Data subject The identified or identifiable person to whom personal data relates.
Controller Determines purposes and means of processing; primary accountability.
Processor Processes data on behalf of the controller under instructions and a contract (Art. 28).
Sub-processor Processor’s further delegate — requires controller authorization (general or specific) and flow-down obligations.
DPO Data Protection Officer — mandatory in some cases (Art. 37); advises, monitors compliance, cooperates with supervisory authorities.
Supervisory authority Independent public authority per Member State; leads investigations, guidance, and some cross-border cases.
BCR Binding Corporate Rules — approved intra-group transfer mechanism for multinational organizations.

Lawful bases (Art. 6)

Basis When appropriate Documentation Withdrawal
Consent Freely given, specific, informed, unambiguous; where no other basis fits or where required (e.g. some marketing, some special categories). Record of consent: what, when, how, version of notice; proof of granularity. Withdrawal must be as easy as giving consent; must not affect lawfulness before withdrawal; stop processing that relied solely on consent.

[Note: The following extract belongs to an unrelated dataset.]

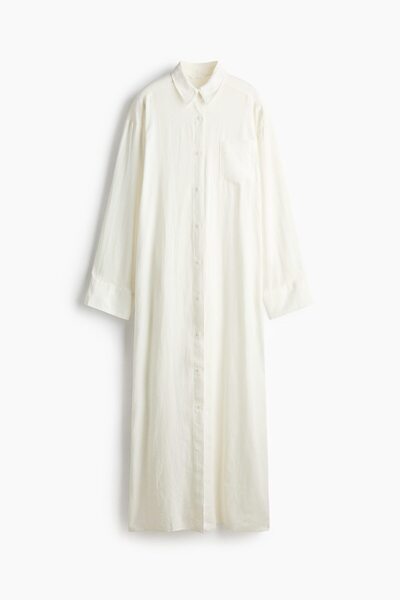 H&M Keten Karışımlı Gömlek Elbise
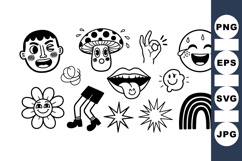 Hand Drawn Retro Doodle Clipart Vector Product Image 1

Contract Processing necessary for performance of a contract with the data subject or pre-contract steps. Identify the contract and the necessary processing purposes. N/A as such; if contract ends, retention/ other bases may apply.
Legal obligation Processing required to comply with EU/Member State law to which the controller is subject. Reference specific legal obligation. N/A.
Vital interests Protecting life of data subject or another person (typically emergencies). Document urgency and why other bases don’t apply. N/A.
Public task Official authority or tasks in the public interest (often public bodies). Legal basis in law. N/A for typical public-sector context.
Legitimate interests Processing necessary for controller’s or third party’s legitimate interests, unless overridden by data subject’s rights (balancing test). LIA: purpose, necessity, balancing, safeguards; not a default for intrusive processing. Right to object (Art. 21) may apply; must stop unless compelling legitimate grounds.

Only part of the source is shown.